# Work order
Please write out all the data that follows exactly, without the pictures.

[Caption-style text data]

──────────────────────────────

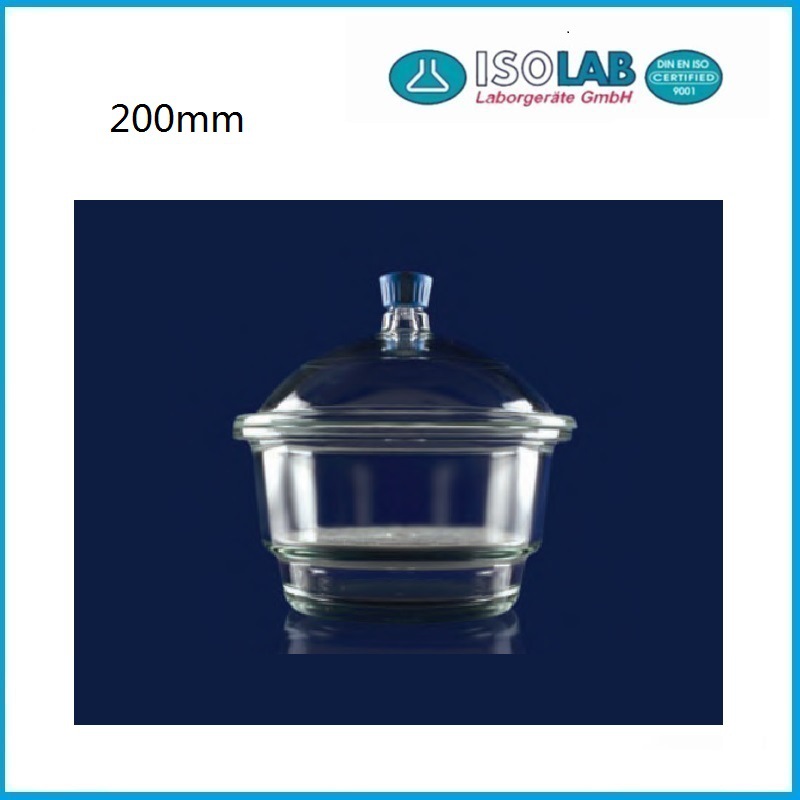 200mm玻璃非真空干燥器 039.01.200 ISOLAB品牌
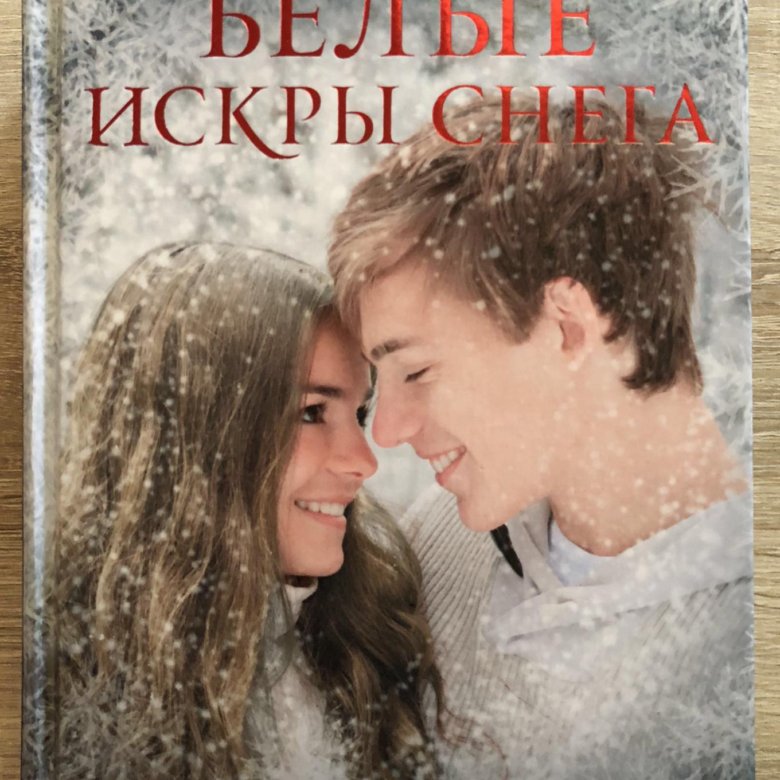 АННА ДЖЕЙН КРАСНЫЕ ИСКРЫ СНЕГА СКАЧАТЬ БЕСПЛАТНО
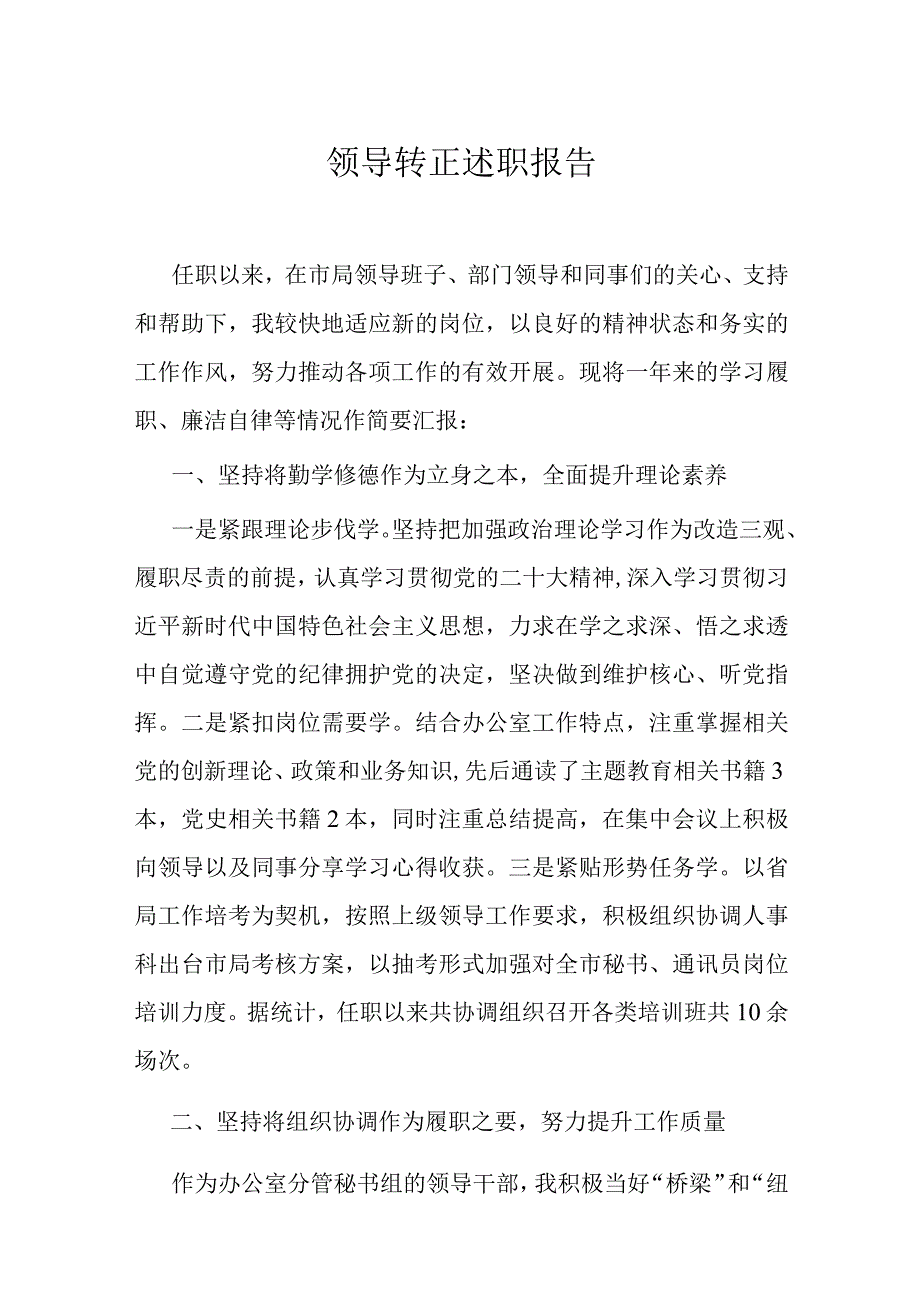 领导转正述职报告.docx_第1页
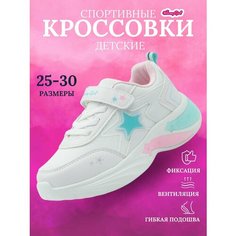 Кроссовки Honey Girl Полуботинки детские для девочек для активного отдыха Honey Girl размер 27 цвет белый, размер 27, белый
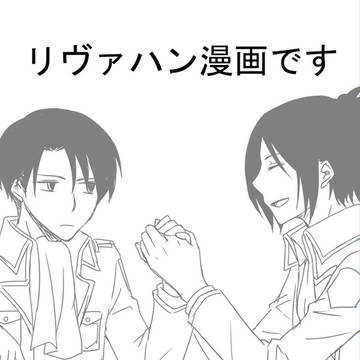 リヴァハン漫画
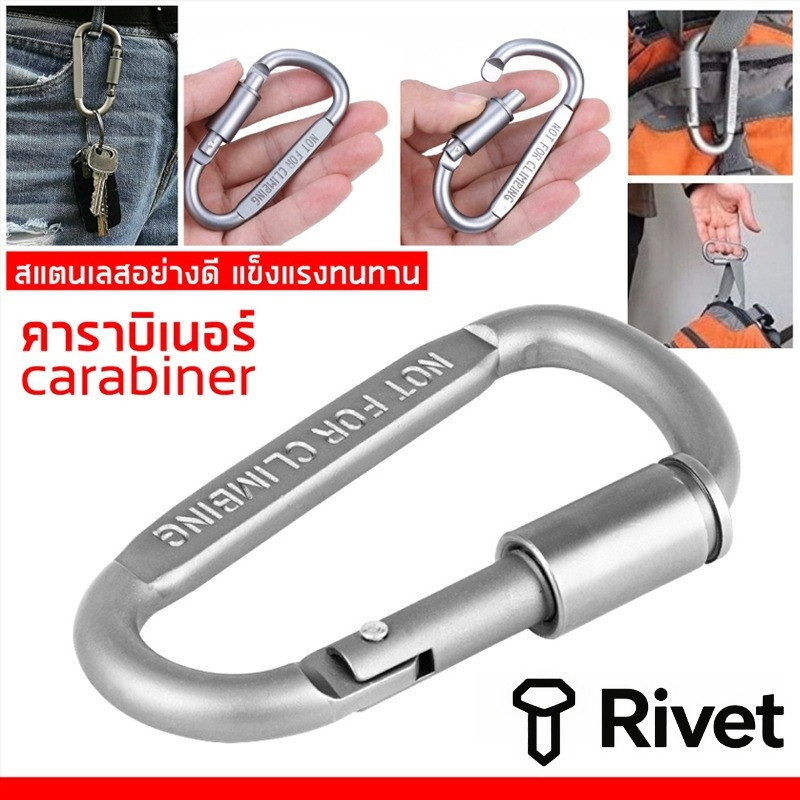 PrimeMetalKit-คาราบิเนอร์อลูมิเนียม คาราบิเนอร์ Carabiner D พวงกุญแจ เกี่ยว ห่วงคล้อง ตะขอเกี่ยวพวงกุญแจคาราบิเนอร์ RIVE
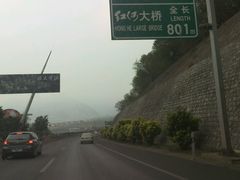 android_upload_pic-元江连续刚构世界第一高桥景区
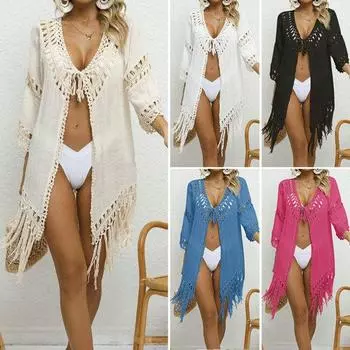 Вязаная крючком пляжная накидка женская сексуальная с v-образным вырезом на шнуровке с рукавами 3/4 с выдалбленной кисточкой бикини накидка сплошной цвет купальник кардиган абрикосовый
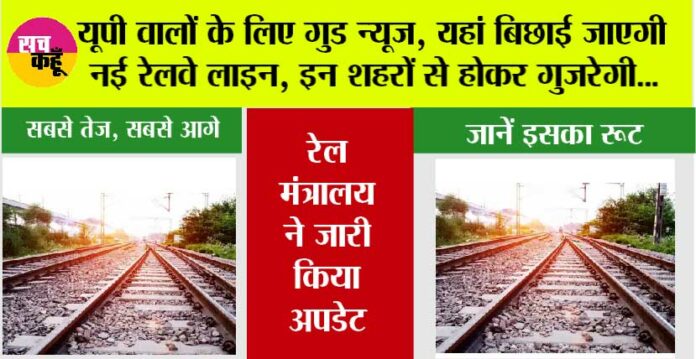 UP-Railway-News UP Railway News
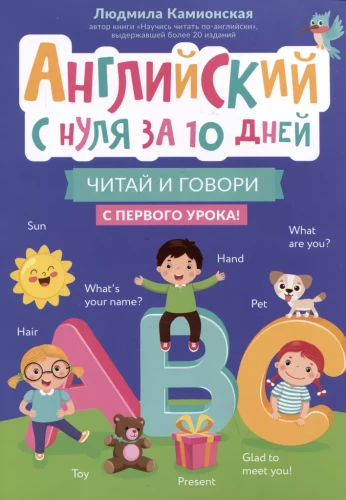 Anglų kalba nuo nulio per 10 dienų: skaitykite ir kalbėkite nuo pirmos pamokos!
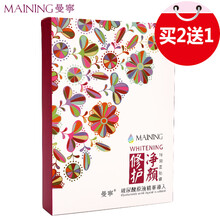 曼寧玻尿酸面膜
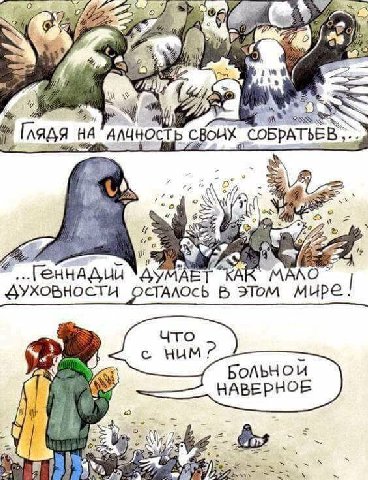 bac we ity 4% Глядя НА "АЛЧНОСТЬ и Я “КАК AAO YXOBHOCTH этом мире У. НАВЕРНОЕ и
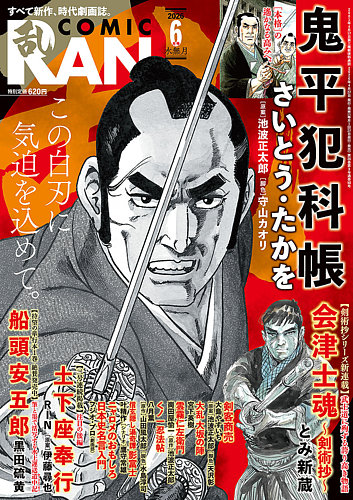 サムケ　怪談コミック　雑誌 コミック乱 2026年4月号 リイド社から2月27日発売 | さいとう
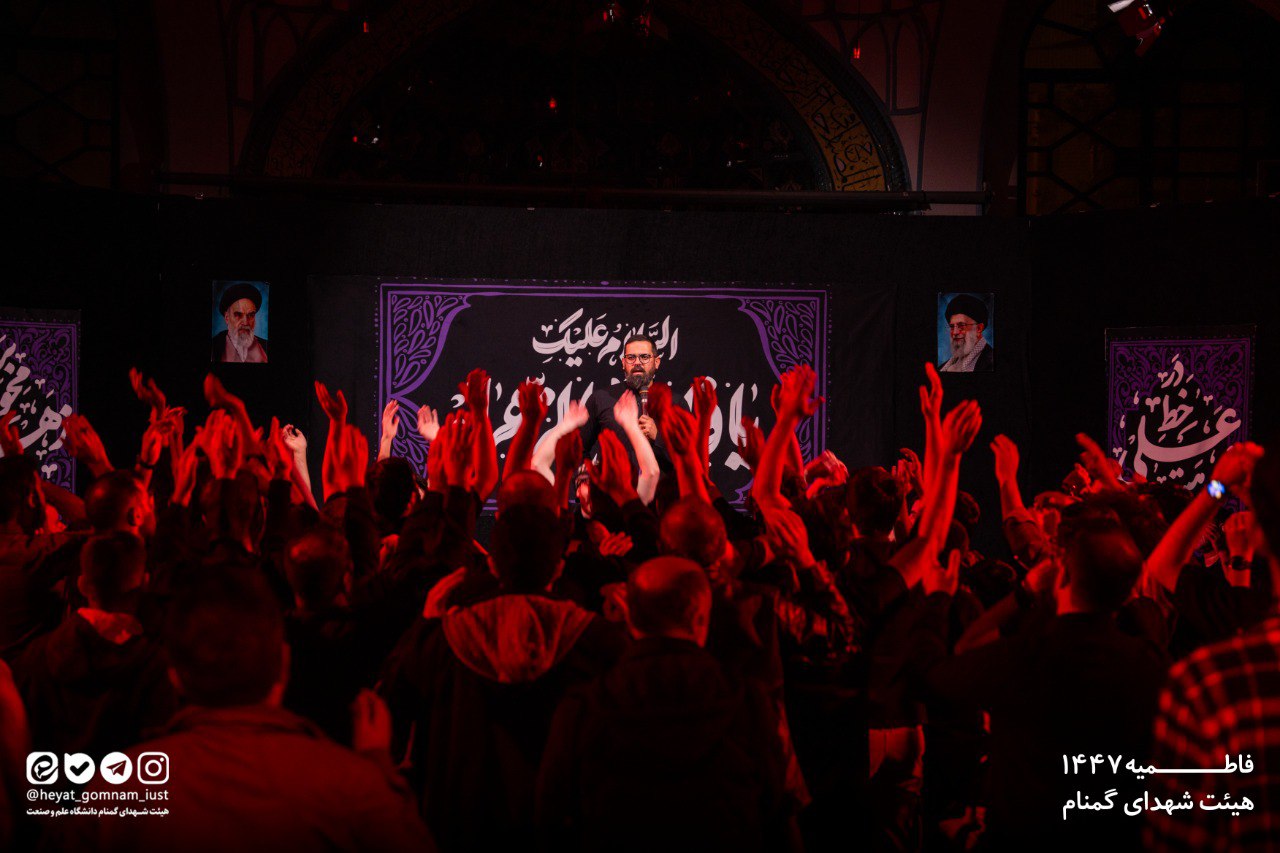 شب اول فاطمیه دوم 1404 - تصویر 26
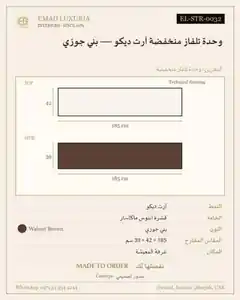 وحدة تلفاز منخفضة آرت ديكو — بني جوزي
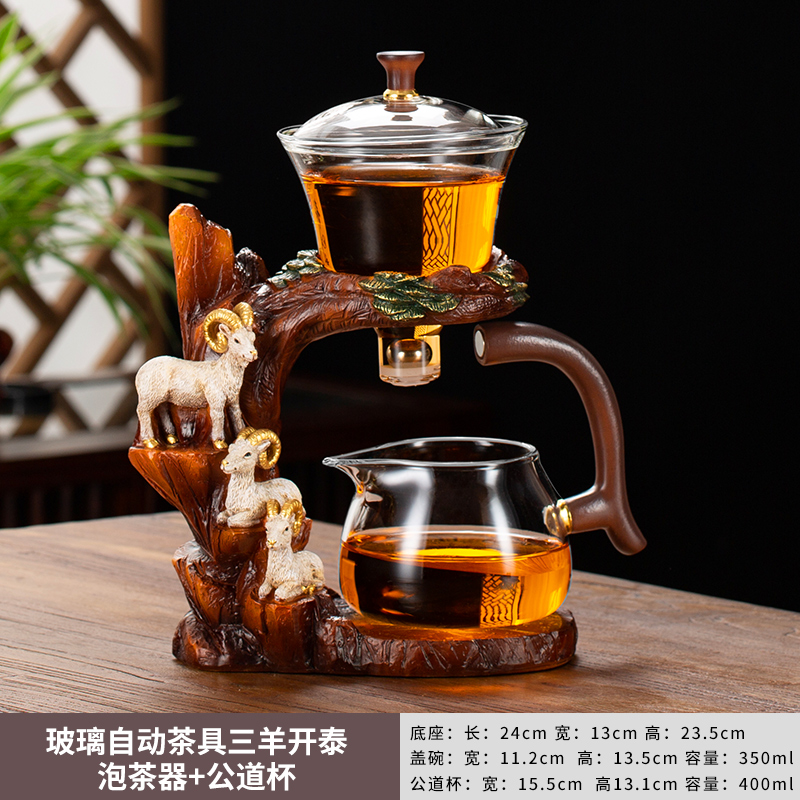 三羊开泰玻璃茶具套装家用功夫茶杯懒人磁吸泡茶壶神器办公室会客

──────────────────────────────

# Response to this exercise
 200mm玻璃非真空干燥器 039.01.200 ISOLAB品牌
 АННА ДЖЕЙН КРАСНЫЕ ИСКРЫ СНЕГА СКАЧАТЬ БЕСПЛАТНО
 领导转正述职报告.docx_第1页
 Кроссовки Honey Girl Полуботинки детские для девочек для активного отдыха Honey Girl размер 27 цвет белый, размер 27, белый
 リヴァハン漫画
 PrimeMetalKit-คาราบิเนอร์อลูมิเนียม คาราบิเนอร์ Carabiner D พวงกุญแจ เกี่ยว ห่วงคล้อง ตะขอเกี่ยวพวงกุญแจคาราบิเนอร์ RIVE
 android_upload_pic-元江连续刚构世界第一高桥景区
 Вязаная крючком пляжная накидка женская сексуальная с v-образным вырезом на шнуровке с рукавами 3/4 с выдалбленной кисточкой бикини накидка сплошной цвет купальник кардиган абрикосовый
 UP-Railway-News UP Railway News
 Anglų kalba nuo nulio per 10 dienų: skaitykite ir kalbėkite nuo pirmos pamokos!
 曼寧玻尿酸面膜
 bac we ity 4% Глядя НА "АЛЧНОСТЬ и Я “КАК AAO YXOBHOCTH этом мире У. НАВЕРНОЕ и
 サムケ　怪談コミック　雑誌 コミック乱 2026年4月号 リイド社から2月27日発売 | さいとう
 شب اول فاطمیه دوم 1404 - تصویر 26
 وحدة تلفاز منخفضة آرت ديكو — بني جوزي
 三羊开泰玻璃茶具套装家用功夫茶杯懒人磁吸泡茶壶神器办公室会客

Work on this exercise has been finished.